* [Exercise directions]
Return all the lines below exactly as written. Drop every picture.
____________________
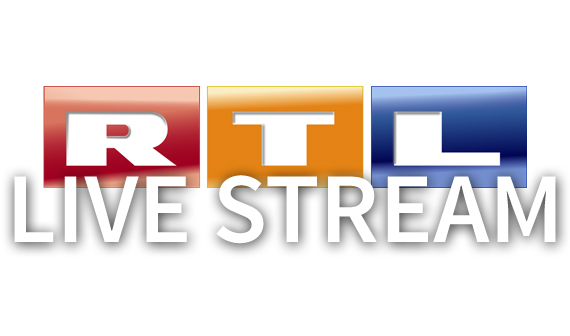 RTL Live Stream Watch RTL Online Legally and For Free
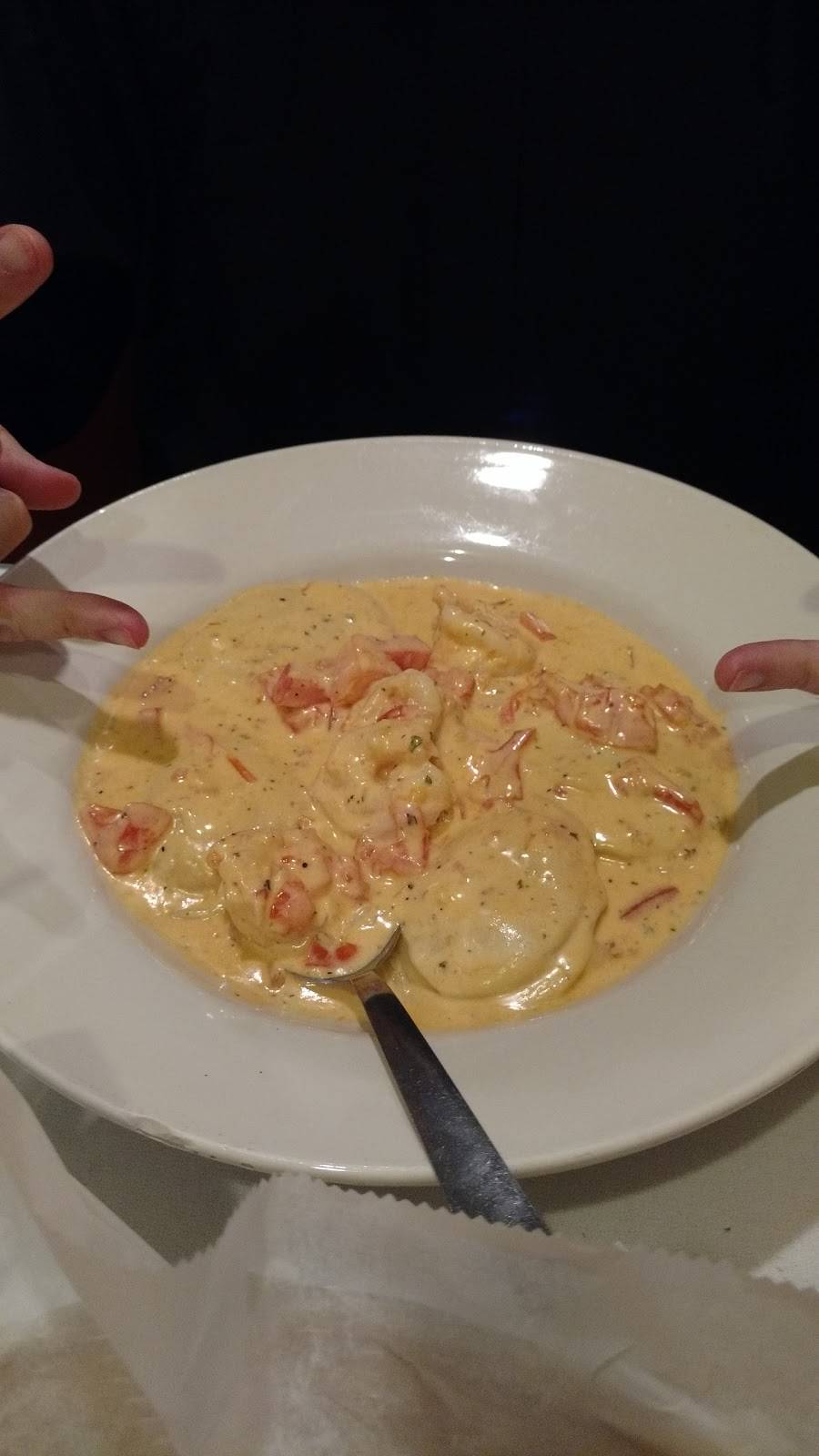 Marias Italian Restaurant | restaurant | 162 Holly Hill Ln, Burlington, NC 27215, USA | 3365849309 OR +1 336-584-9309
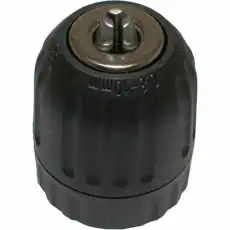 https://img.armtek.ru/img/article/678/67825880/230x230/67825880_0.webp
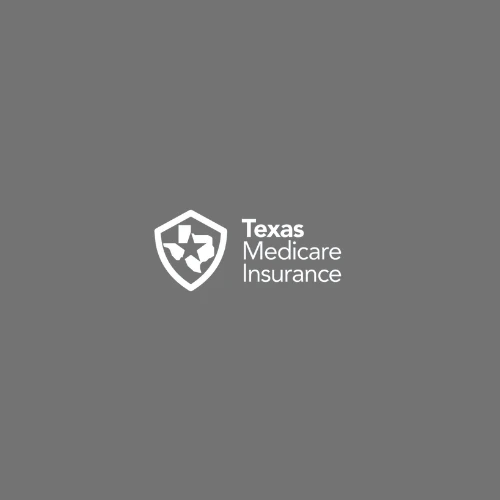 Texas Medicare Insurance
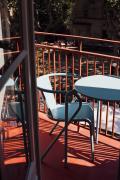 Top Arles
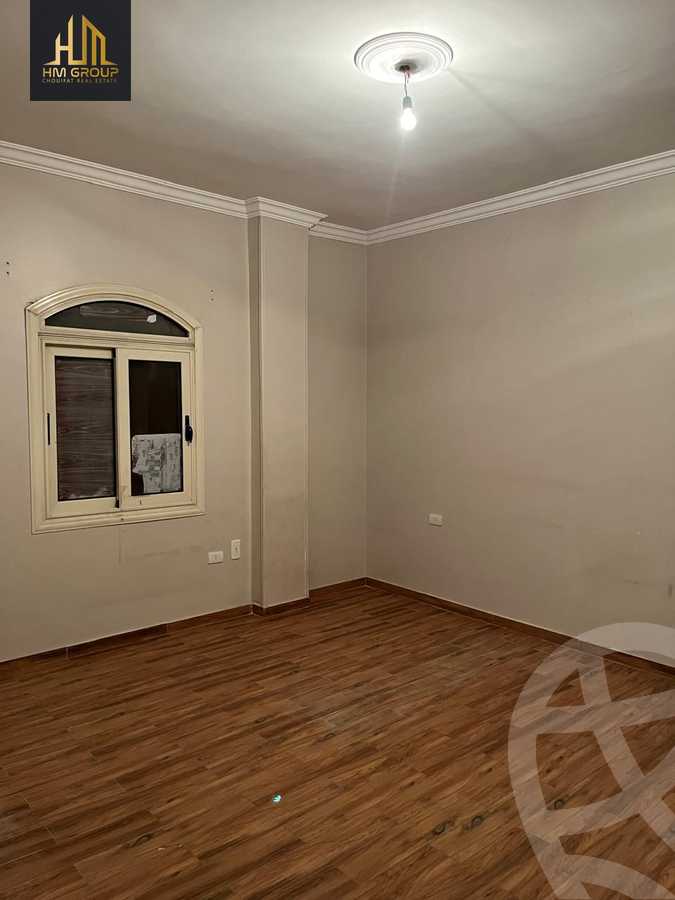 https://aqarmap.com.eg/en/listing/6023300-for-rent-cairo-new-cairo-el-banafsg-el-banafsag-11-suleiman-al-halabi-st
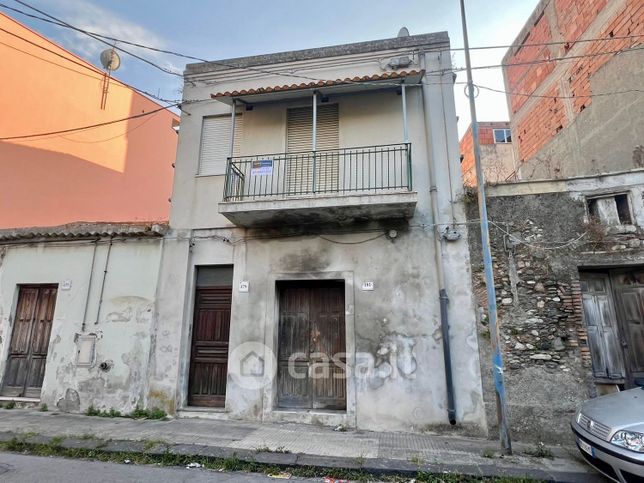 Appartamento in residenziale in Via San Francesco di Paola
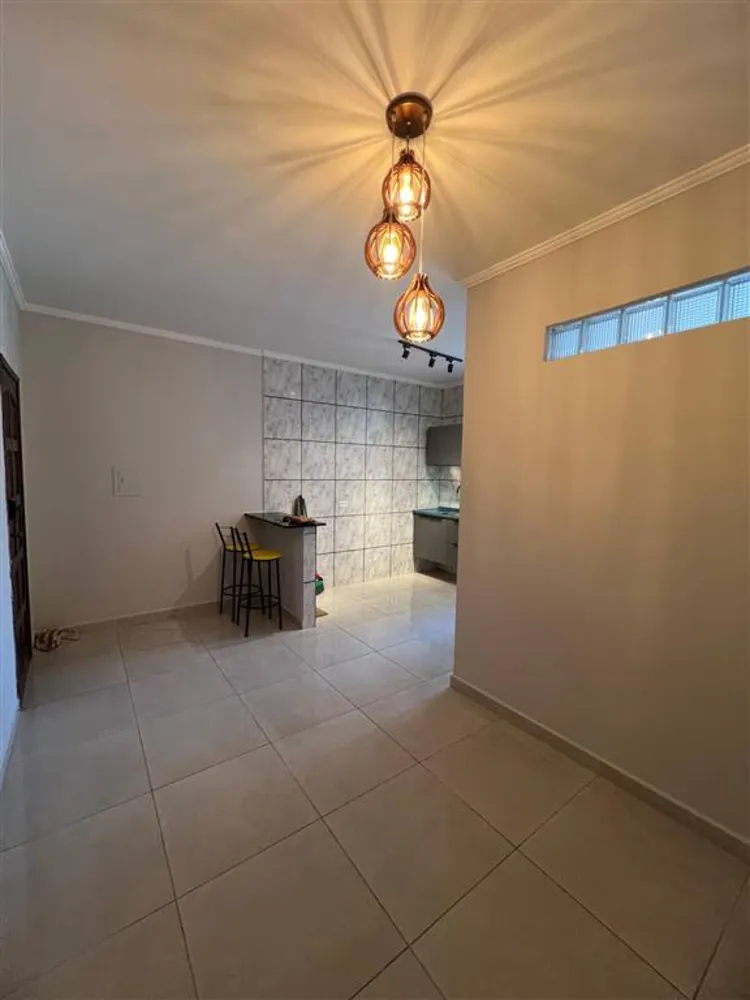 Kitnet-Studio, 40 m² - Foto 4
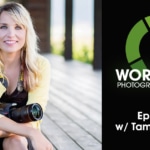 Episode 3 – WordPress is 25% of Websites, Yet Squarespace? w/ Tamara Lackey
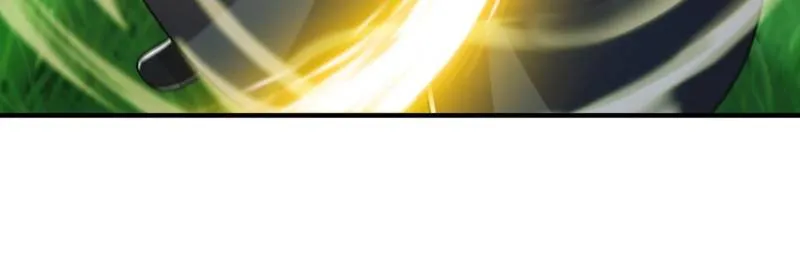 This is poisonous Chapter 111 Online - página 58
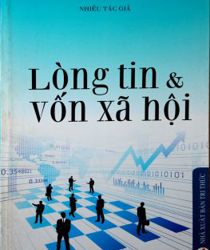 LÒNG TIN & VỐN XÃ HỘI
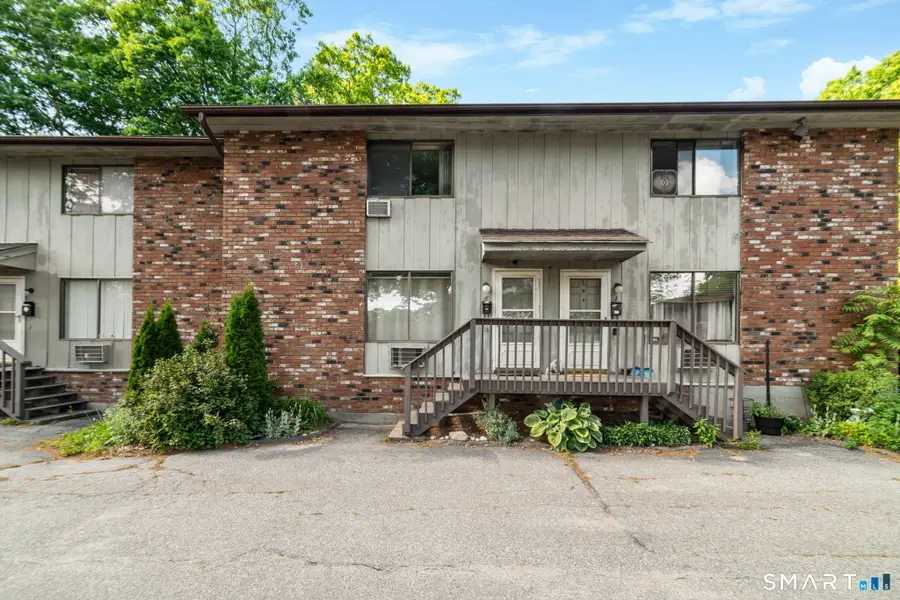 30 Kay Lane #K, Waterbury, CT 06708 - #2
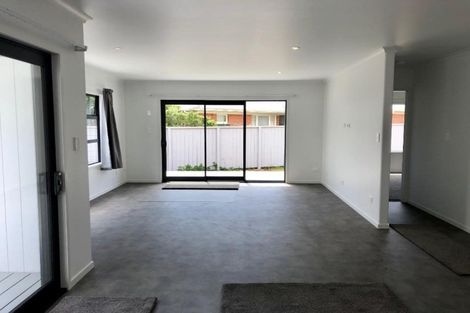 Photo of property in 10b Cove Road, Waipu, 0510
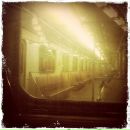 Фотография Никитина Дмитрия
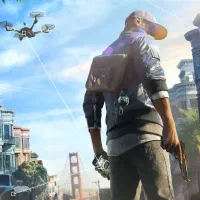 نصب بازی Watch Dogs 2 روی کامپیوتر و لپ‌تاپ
____________________
* [Answer]
 RTL Live Stream Watch RTL Online Legally and For Free
 Marias Italian Restaurant | restaurant | 162 Holly Hill Ln, Burlington, NC 27215, USA | 3365849309 OR +1 336-584-9309
 https://img.armtek.ru/img/article/678/67825880/230x230/67825880_0.webp
 Texas Medicare Insurance
 Top Arles
 https://aqarmap.com.eg/en/listing/6023300-for-rent-cairo-new-cairo-el-banafsg-el-banafsag-11-suleiman-al-halabi-st
 Appartamento in residenziale in Via San Francesco di Paola
 Kitnet-Studio, 40 m² - Foto 4
 Episode 3 – WordPress is 25% of Websites, Yet Squarespace? w/ Tamara Lackey
 This is poisonous Chapter 111 Online - página 58
 LÒNG TIN & VỐN XÃ HỘI
 30 Kay Lane #K, Waterbury, CT 06708 - #2
 Photo of property in 10b Cove Road, Waipu, 0510
 Фотография Никитина Дмитрия
 نصب بازی Watch Dogs 2 روی کامپیوتر و لپ‌تاپ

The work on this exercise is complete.